Gillian Laub, Homecoming Court, Mt. Vernon, Georgia, October 2002 (2013.91.2)
Gillian Laub, Prom King and Queen Dance, Vidalia, Georgia, May 2009 (2013.91.1)
Gillian Laub, Prom King and Queen Dance, Vidalia, Georgia, May 2011 (2013.91.7)
Southern Rites by photographer Gillian Laub is a series of photographs that tell the story of the historically racially segregated proms in the town of Mt. Vernon in Georgia. Although the schools had been integrated since 1971, each spring and fall the proms would be segregated. This ended in 2011. Ms. Laub visited the town for the first time in 2002 and returned the following years to continue to document the stories that she encountered. Her photos of stories related to the segregated proms were first published in The New York Times Magazine and caused a national outrage. Under pressure the proms were unified and turned into one prom.
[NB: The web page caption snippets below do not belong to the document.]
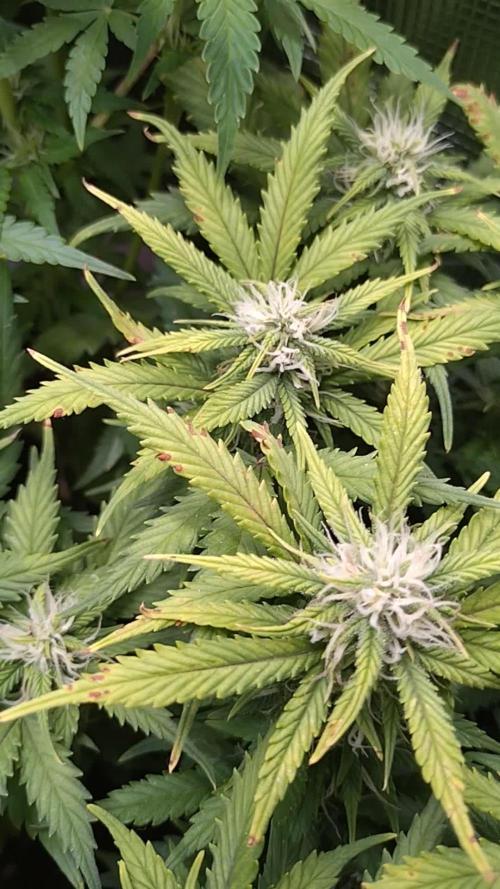 Grape Pop Rocks Auto Anesia Seeds
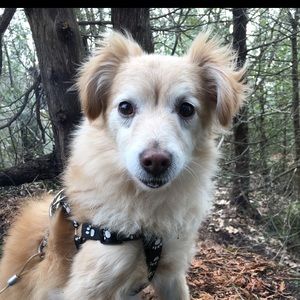 Meet your Posher, Maude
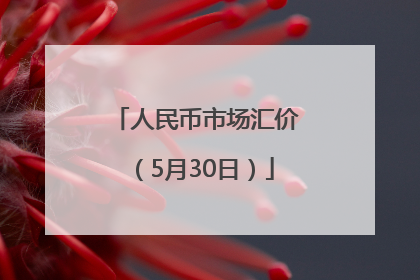 人民币市场汇价（5月30日）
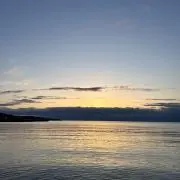 えのきの画像
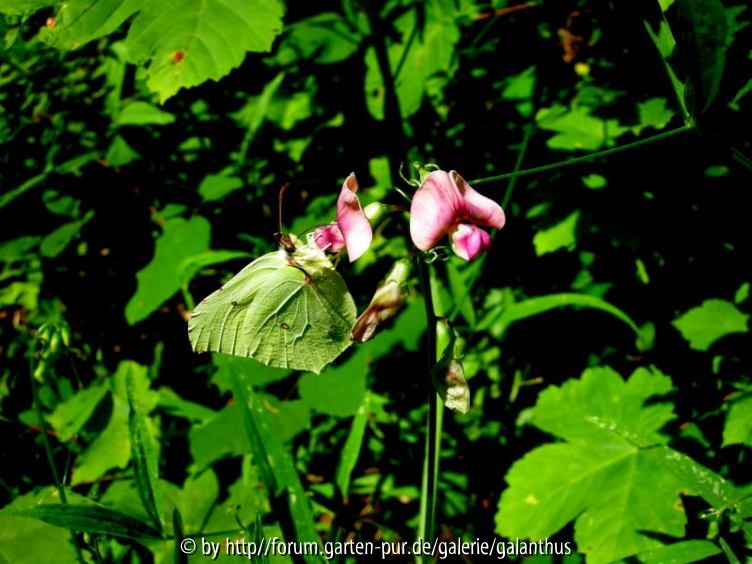 Lathyrus sylvestris
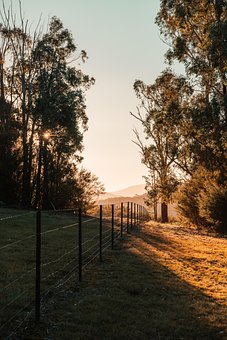 Free Sunset Golden Hour photo and picture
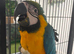 Hand Reared Baby Blue & Gold Macaw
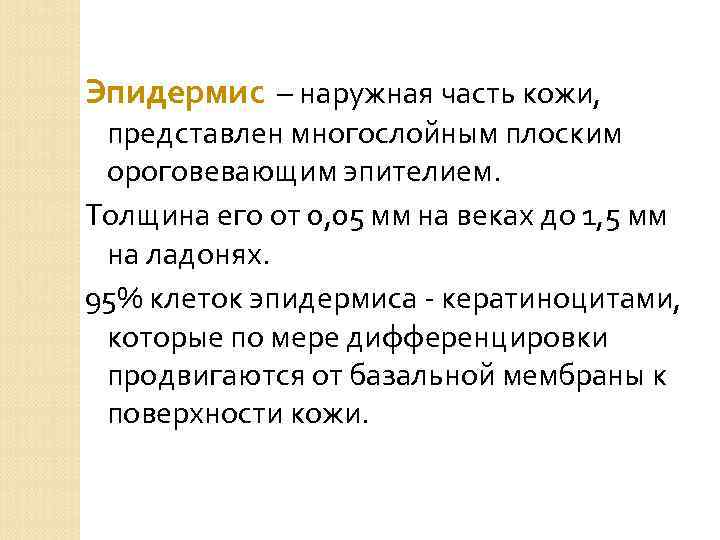Эпидермис – наружная часть кожи, представлен многослойным плоским ороговевающим эпителием. Толщина его от 0,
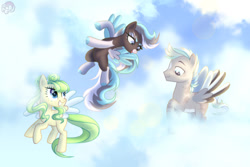 Size: 1280x854 | Tagged: safe, artist:emperor-anri, imported from derpibooru, oc, oc only, pegasus, pony, cloud, coat markings, eyelashes, female, flying, frin, grin, male, mare, pegasus oc, smiling, socks (coat markings), stallion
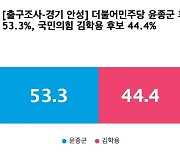 [출구조사-경기 안성] 더불어민주당 윤종군 53.3%, 국민의힘 김학용 44.4%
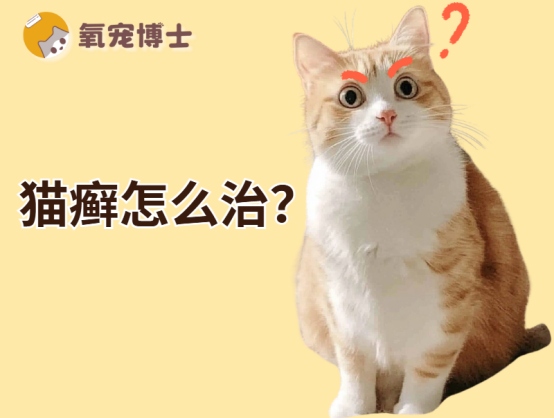 猫癣治疗方法全攻略：药物治疗环境消毒营养支持三步走
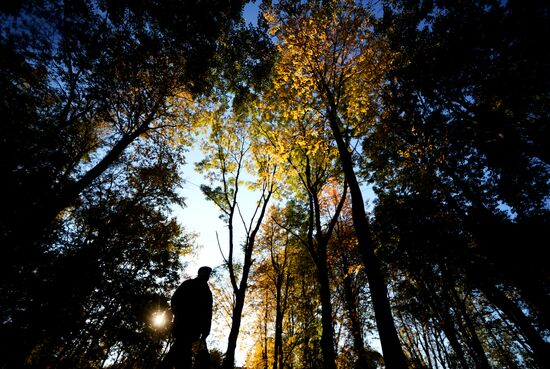 Golden autumn in Veliky Novgorod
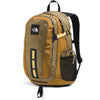 Cedar/Golden Tan/Honeyed Sand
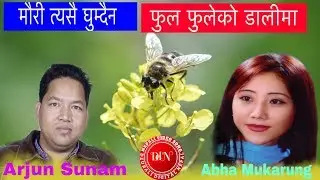 Mauri Tyasai Ghumdaina मौरी त्यसै घुम्दैन फुल फुलेको डालीमा | Abha mukarung | Arjun Sunam 2075 2018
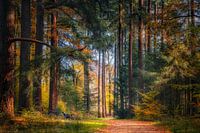 Autumn colours at Paleis het Loo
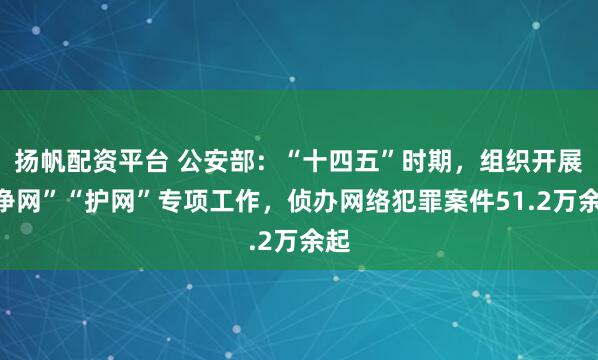 扬帆配资平台 公安部:“十四五”时期,组织开展“净网”“护网”专项工作,侦办网络犯罪案件51.2万余起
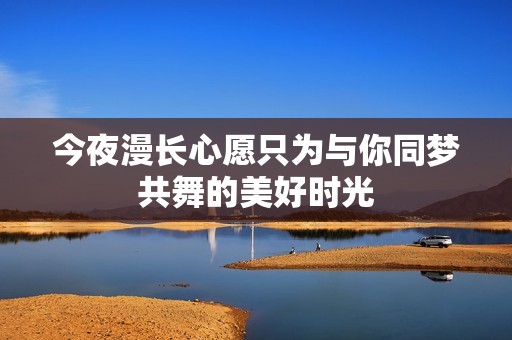 今夜漫长心愿只为与你同梦共舞的美好时光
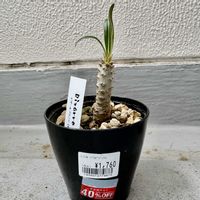パキポディウム カクチペス,塊根植物,パキポディウム属,珍奇植物,ビザール・プランツの画像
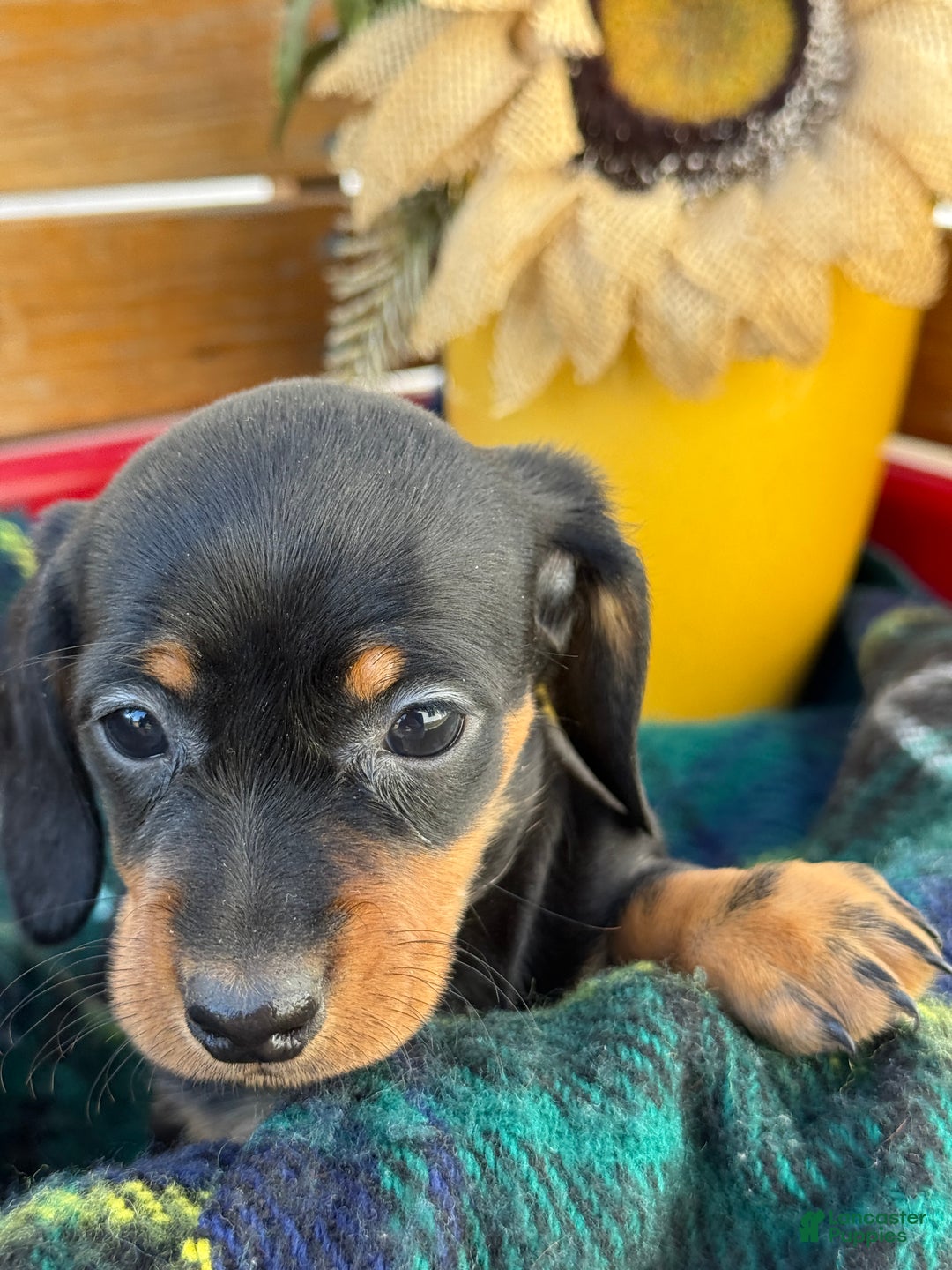 Miniature Dachshund dogs for sale: Clara - Ad 3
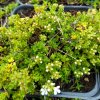 Thymus praecox 'Albiflorus'_2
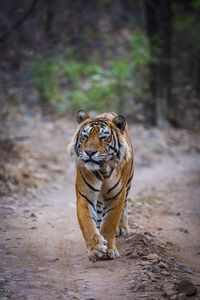 Cat walking in a forest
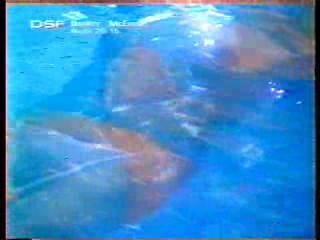 German late night tv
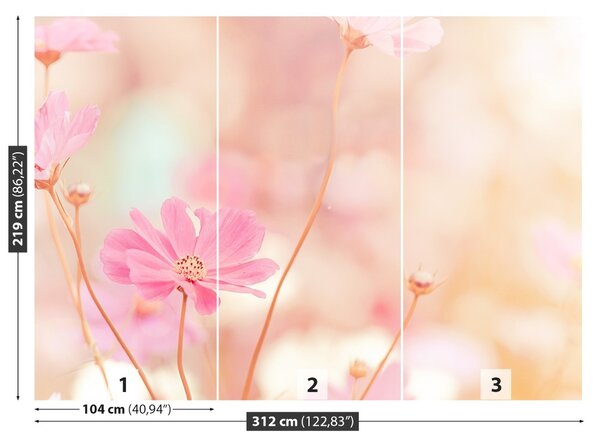 Fototapet Roz Cosmos Flori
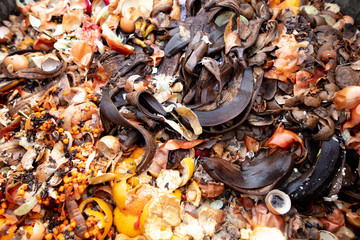 Onion husk banana peel in trash can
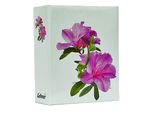 Vmc Album Per 304 Foto 10X15 Cm. Senza Descrizione Fiore Bianco Rosa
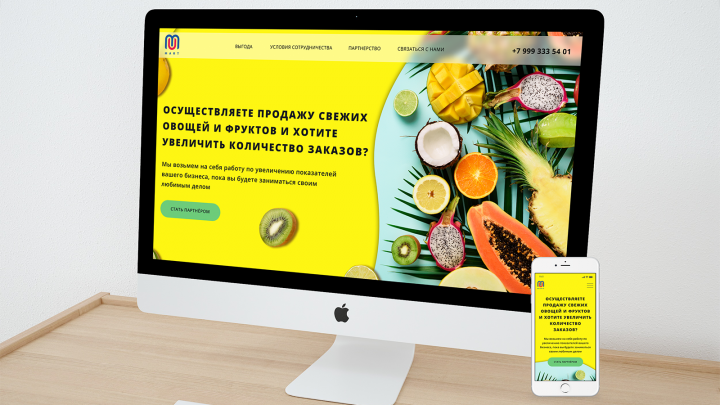 лендинг партнеров МП продажа овощей/фруктов (реальный проект)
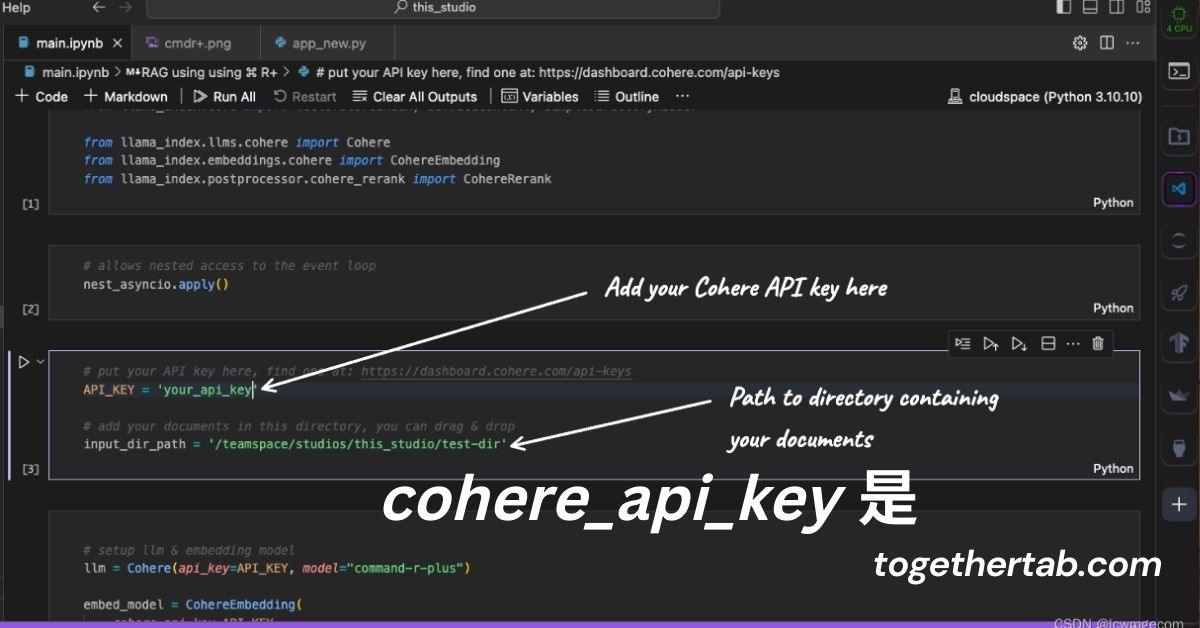 cohere_api_key 是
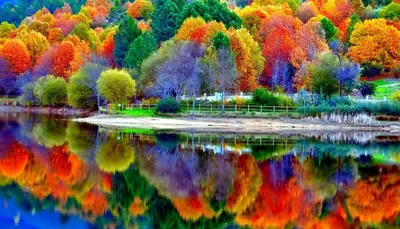 Осенняя яркая природа - 65 фото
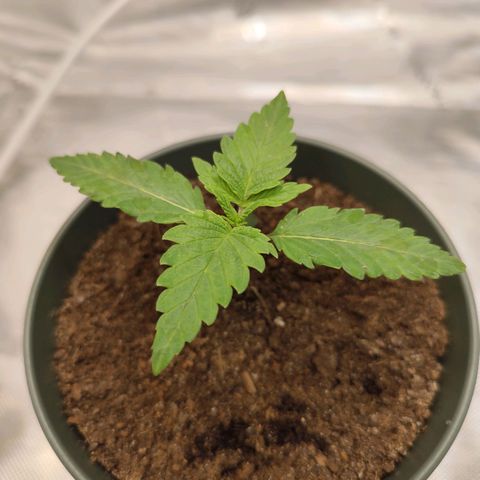 Madeleine growlog timeline photo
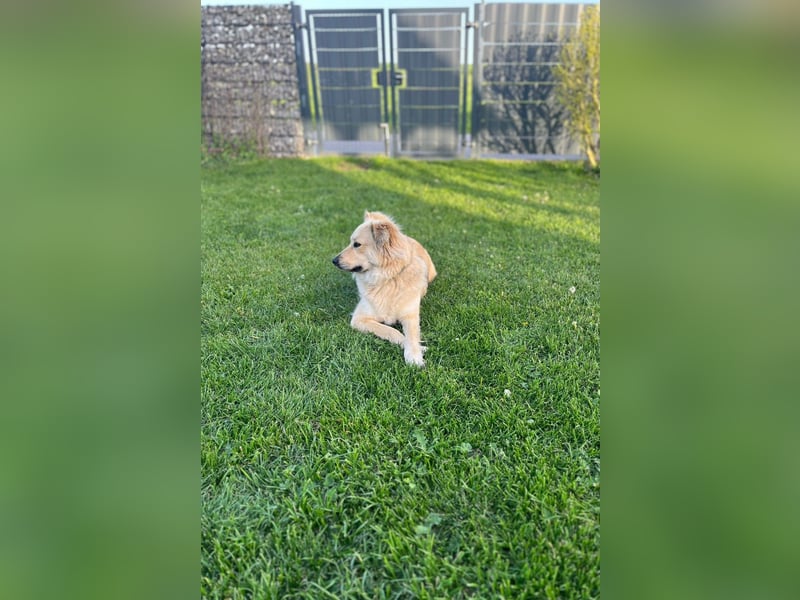 Luna möchte Teil deiner Familie werden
In the introduction of the portfolio Gilian Laub writes:
Change was not my original intent. Photography for me is a deeply intimate engagement with individuals in which everything is personal and the closer you get, the more black and white resolves to gray. Photography enables me to look beyond the surface socio-political context -and explore a psychological and emotional landscape that often reveals deeper, more universal truths. I suppose on some level I always hope the revelation of these truths have impact -through an image that illuminates real humanity we are able to imagine, if only for a moment, that unbridgeable divides can somehow, because of what we all share, be surmounted.
This post is published to honor African American History Month.